Subscribe
the Legacy continues…………………….
Gregory R. Mann, Ph.D. {ret.}

Sea Squirt

“Molgula manhattensis”

The Sea Squirt is an immobile filter feeder that live on the ocean floor. Despite their plant-like appearance, Sea Squirts are actually more closely related to vertebrates than they are to invertebrates such as sponges & coral. There are more than 3,000 known Sea Squirt species found on the seabed around the world, with the majority of Sea Squirt species being found in the warmer, nutrient-rich tropical waters. Sea Squirts are also called “Sea Grapes” because a pack of Sea Squirts looks like a bunch of grapes. Sea Squirts belong to a remarkable group of undersea animals called Tunicates which are sac-like filter-feeders that live on plankton & organic matter they strain from the water they pump through their bodies.
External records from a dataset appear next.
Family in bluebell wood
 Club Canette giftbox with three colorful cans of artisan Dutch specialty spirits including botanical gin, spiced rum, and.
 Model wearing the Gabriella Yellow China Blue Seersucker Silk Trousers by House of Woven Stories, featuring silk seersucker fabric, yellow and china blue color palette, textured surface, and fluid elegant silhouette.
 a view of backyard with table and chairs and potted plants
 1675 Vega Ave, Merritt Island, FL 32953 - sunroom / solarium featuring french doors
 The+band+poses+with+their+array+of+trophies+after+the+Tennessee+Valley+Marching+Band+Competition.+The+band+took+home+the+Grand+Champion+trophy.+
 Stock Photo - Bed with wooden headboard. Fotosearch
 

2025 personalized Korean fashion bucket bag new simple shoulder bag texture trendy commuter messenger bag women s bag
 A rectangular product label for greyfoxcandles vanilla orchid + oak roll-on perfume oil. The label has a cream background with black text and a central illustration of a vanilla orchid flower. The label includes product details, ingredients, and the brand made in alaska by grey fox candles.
Although one could hardly tell by looking at their squishy bodies, Sea Squirts are also part of the phylum of “chordates”, the group of animals that include fish, birds, reptiles and mammals. This is because in their larval stage, Sea Squirts have many of the anatomical features of vertebrate animals. Sea Squirts can vary from just 3 centimeters to 30 centimeters in length depending on the species of Sea Squirt and its habitat.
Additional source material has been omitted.